Coronavirus infections in children and youth have increased during the spring. Infections still come mainly from family members and there have been few further infections in daycare centres and schools. Two schools in Helsinki have had a more extensive range of infections during March.
The latest figures for the City of Helsinki show that the number of coronavirus infections in children is increasing. This is partly explained by the very active testing. Although there have been many exposures in schools and daycare centres, there have been few follow-on infections.
When examining the sources of the virus, it can be seen that one's own family is still by far the most significant source of coronavirus infection for children and young people. In addition to their own family, youth also emphasize social contacts outside the school and the family.
The most significant reason for the increase in the number of infections in children and youth, as well as in the general population, is probably the more susceptible virus variants.
Since the beginning of the year, the City of Helsinki has directed all those exposed to take a test, regardless of whether they display symptoms or not, or whether it concerns a virus variant or not. As a result, significantly more children of daycare age and distance learning are currently being tested.
In daycare aged children, the number of infections has increased relatively the most
The number of infections has increased relatively the most in daycare aged children during the early part of the year. At the same time, their testing has been very active. In contrast, testing numbers for 13- to 19-year-olds have clearly decreased in March.
The total number of infections among daycare age children is 3.5 times higher than at the beginning of the year (367 infections on 1 January and 1283 by 29 March). In other age groups of children and youth and in working age, the number of infections has also increased (2-3 times), but by less.
Children and youth accounted for 20 per cent of all Helsinki infections at the beginning of the year and 29 per cent at the end of March.
In daycare-age children, the share of the family as a source of infection is currently *) 64 per cent and the daycare centre 21 per cent.
For lower comprehensive school children, the most significant source of infection is their own family (56%), with the school accounting for 33 per cent. The share of 13–15-year-olds has their own family (85%), and they have been the source of infection in 4% of infections.
Among 16–19-year-olds, the family is also the most significant source of infection (72%), but infections also come from other social contacts (24%).
*) sources of infection at the end of week 13
Daycare centres and schools take great care of protection measures
Sanna Isosomppi, Chief Physician of Epidemiological Operations, thanks the schools and daycare centres for their careful operations. Safe distances and hygiene have been adhered to.
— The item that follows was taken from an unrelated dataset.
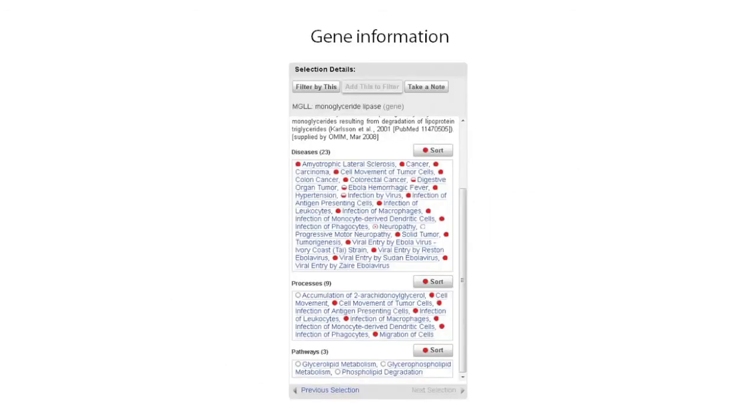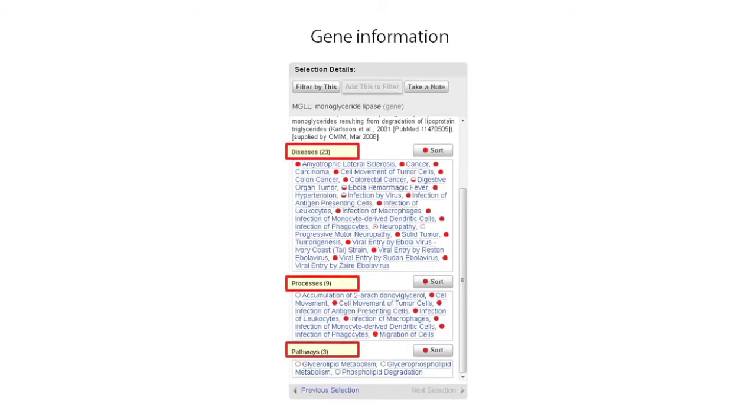Clicking on a gene reveals key information about the gene based on the known information in the literature, including the diseases, processes, and pathways it is associated with. As you find interesting information, you can take notes that will stay associated with the gene throughout the report.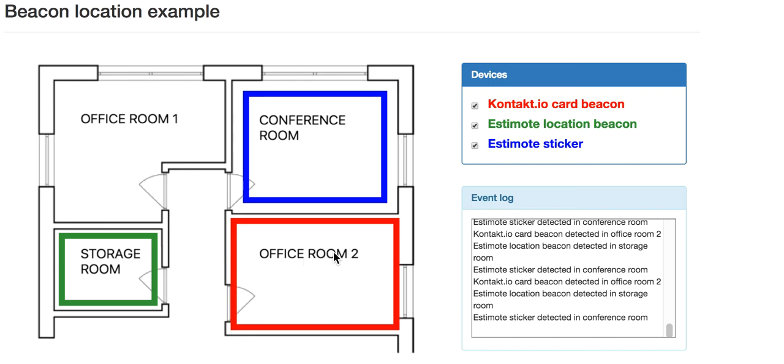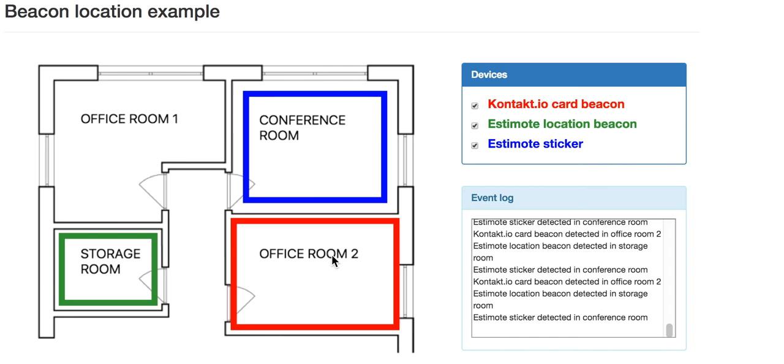Another use case could be tracking doctors and patients in a hospital, for example. You might be interested in knowing the nearest location of a surgeon or an anesthetist. All staff members could be equipped with a card beacon for this purpose. On the other hand, patients with mental diseases could wear wristband beacons, and alarms could be triggered if they're leaving a room or an area of the hospital which they should not. There are many other use cases and some of them are mentioned in our blog post.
– Teachers, school assistants, afternoon club leaders, kitchen and cleaning staff, janitors and other school staff have acted responsibly, as have the children and pupils. They have followed the guidelines well.
In Kallio and Käpylä schools, more extensive infections in March
Isosomppi points out that when the number of infections began to rise, the tracing of infections was unfortunately congested. Despite delays in identifying and reaching those exposed, the number of follow-up infections in daycare centres and schools has not increased significantly. During March, two schools have had more extensive infections.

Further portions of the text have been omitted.